Betelgeuse, one of the top 10 brightest stars in our skyis a popular target among backyard skywatchers and was the first star ever to have its size measured, and even today is one of only a handful of stars that appears through the Hubble Space Telescope as a disk rather than a point of light. It was the first star (besides our sun) to have its surface photographed (by Hubble).
The new finding, presented at a meeting of the American Astronomical Society in Pasadena, Calif., was based on data collected by UC Berkeley’s Infrared Spatial Interferometer (ISI) on the top of Mt. Wilson in Southern California.

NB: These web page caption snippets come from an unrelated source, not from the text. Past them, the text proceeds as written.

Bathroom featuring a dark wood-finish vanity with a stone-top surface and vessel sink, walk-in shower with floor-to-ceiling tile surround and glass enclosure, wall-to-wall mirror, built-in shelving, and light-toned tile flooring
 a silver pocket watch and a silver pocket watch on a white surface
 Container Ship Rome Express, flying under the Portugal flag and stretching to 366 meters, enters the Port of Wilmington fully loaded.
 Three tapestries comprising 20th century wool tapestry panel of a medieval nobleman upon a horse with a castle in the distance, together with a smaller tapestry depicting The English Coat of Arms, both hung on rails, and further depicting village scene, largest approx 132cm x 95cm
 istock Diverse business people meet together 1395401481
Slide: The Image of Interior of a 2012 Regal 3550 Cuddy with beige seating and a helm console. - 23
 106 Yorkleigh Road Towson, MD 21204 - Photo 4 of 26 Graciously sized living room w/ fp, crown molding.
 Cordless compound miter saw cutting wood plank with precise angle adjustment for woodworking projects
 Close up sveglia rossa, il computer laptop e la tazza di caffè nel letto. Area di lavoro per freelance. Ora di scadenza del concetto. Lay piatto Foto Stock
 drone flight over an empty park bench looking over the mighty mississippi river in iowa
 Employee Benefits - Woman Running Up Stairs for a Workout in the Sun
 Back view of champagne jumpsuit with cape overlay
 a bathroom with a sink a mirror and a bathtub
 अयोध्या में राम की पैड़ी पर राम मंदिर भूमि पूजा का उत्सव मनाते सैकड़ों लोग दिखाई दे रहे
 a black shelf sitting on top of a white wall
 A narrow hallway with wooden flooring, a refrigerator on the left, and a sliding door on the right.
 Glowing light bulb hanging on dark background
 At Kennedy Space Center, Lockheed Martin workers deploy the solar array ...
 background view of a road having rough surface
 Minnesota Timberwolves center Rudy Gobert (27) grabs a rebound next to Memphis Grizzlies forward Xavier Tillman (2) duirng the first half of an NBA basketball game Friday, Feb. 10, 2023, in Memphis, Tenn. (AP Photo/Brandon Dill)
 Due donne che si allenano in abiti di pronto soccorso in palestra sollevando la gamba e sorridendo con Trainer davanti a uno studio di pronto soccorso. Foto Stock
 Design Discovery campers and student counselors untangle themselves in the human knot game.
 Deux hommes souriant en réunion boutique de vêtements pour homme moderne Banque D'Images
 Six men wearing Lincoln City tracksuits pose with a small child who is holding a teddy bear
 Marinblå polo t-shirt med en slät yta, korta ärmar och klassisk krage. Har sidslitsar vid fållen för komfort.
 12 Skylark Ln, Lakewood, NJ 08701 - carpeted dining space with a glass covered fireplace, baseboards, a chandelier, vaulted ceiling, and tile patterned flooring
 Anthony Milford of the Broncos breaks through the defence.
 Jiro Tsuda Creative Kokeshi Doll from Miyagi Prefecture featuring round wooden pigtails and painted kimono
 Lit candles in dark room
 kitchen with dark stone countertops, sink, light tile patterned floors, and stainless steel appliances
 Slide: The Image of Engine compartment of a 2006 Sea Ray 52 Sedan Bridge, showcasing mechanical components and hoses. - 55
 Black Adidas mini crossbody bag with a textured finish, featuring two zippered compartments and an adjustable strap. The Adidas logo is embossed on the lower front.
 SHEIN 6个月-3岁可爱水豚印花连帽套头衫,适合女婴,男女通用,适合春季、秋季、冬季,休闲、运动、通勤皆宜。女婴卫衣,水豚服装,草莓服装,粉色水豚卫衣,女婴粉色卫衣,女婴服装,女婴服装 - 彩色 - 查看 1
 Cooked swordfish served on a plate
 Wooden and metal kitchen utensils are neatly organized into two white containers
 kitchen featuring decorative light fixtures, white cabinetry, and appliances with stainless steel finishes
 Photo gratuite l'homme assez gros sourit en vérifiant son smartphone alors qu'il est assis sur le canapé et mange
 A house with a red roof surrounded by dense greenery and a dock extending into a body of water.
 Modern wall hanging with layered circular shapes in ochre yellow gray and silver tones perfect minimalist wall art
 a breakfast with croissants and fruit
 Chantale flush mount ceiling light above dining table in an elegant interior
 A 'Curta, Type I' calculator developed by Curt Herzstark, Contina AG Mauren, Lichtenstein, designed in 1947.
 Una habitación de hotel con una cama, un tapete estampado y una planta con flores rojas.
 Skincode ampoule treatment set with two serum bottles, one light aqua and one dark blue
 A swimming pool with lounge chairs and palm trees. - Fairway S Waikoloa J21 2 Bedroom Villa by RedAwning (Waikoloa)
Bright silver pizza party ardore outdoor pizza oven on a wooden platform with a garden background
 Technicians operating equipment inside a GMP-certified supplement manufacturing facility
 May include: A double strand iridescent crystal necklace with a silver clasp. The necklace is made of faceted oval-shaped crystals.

In 1993, measurements put Betelgeuse’s radius at about 5.5 astronomical units (AU), where one AU equals the average Earth-sun distance of 93 million miles, or about 150 million km. Since then it has shrunk in size by 15 percent. That means the star’s radius has contracted by a distance equal to the orbit of Venus.
“To see this change is very striking,” said Charles Townes, a UC Berkeley professor emeritus of physics. “We will be watching it carefully over the next few years to see if it will keep contracting or will go back up in size.” (Townes won the 1964 Nobel Prize in physics for inventing the laser and the maser, a microwave laser.)